The team, which includes Washington State and North Carolina State, designed a microgrid controller that calculates and monitors voltages and phase angles, using inverters to change those when necessary. That allows microgrids to match perfectly with main power grids so that, for example, if the wind suddenly blows at hurricane strength or stops altogether, wind-powered turbines instantly disconnect or pull in power from traditional sources.

“If that happens and voltages and phase angles aren’t the same, and you flip the switch, something will blow up. Literally,” Karsai said.

This electrical circuit diagram shows various loads — such as customers’ homes, hospitals and factories — the various energy sources and how they are wired together. The red, green and blue rectangles show, small embedded computers where the new software can run and control the power system. (Graphic by Institute for Software Integrated Systems)


Their platform, called Resilient Information Architecture Platform for Decentralized Smart Systems (RIAPS), is made possible by the added computational layer of fog computing. Unlike the cloud, the fog is close enough to the problem to handle these complex transactions in milliseconds.

But relying on computing infrastructure away from centralized data centers increases the likelihood of failure, said Abhishek Dubey, a Vanderbilt co-investigator on the project, so the team addressed that.

“We’re designing distributed services into the platform, and those detect and manage failures and then systematically reconfigure the applications if the faults persist,” said Dubey, an assistant professor of computer science.

New platform apps

The team also is demonstrating two apps that go on top of the platform: one for power providers and the other for consumers.

Abhishek Dubey

The first monitors demand and adjusts the market price. The second monitors the price and sets thermostats in homes and offices to achieve the highest savings – not necessarily based on what’s most comfortable.
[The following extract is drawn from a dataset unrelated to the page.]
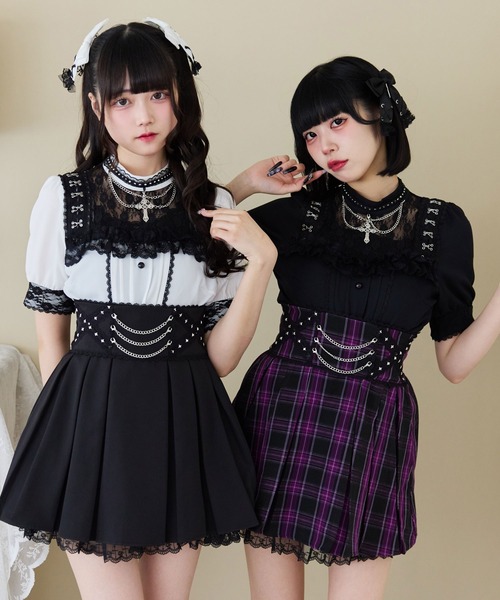 DearMyLove ブラウス シャツ 十字架チェーンチョーカーレース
The Nest is the closest technology to the home-based app, but it only communicates with Google and not with other apps as the RIAPS version does.

Vanderbilt’s Institute for Software Integrated Systems is partnering with Professor Anurag Srivastava at Washington State University and Professor Srdjan Lukic at North Carolina State University, both nationally recognized experts in power systems.

The work is funded by a $3.5 million award from ARPA-E’s OPEN 2015 program, a call to scientists and engineers for transformational technologies outside the scope of ARPA-E’s existing focused programs. ARPA-E funds technologies that display technical promise and commercial impact but are too early for private-sector investment.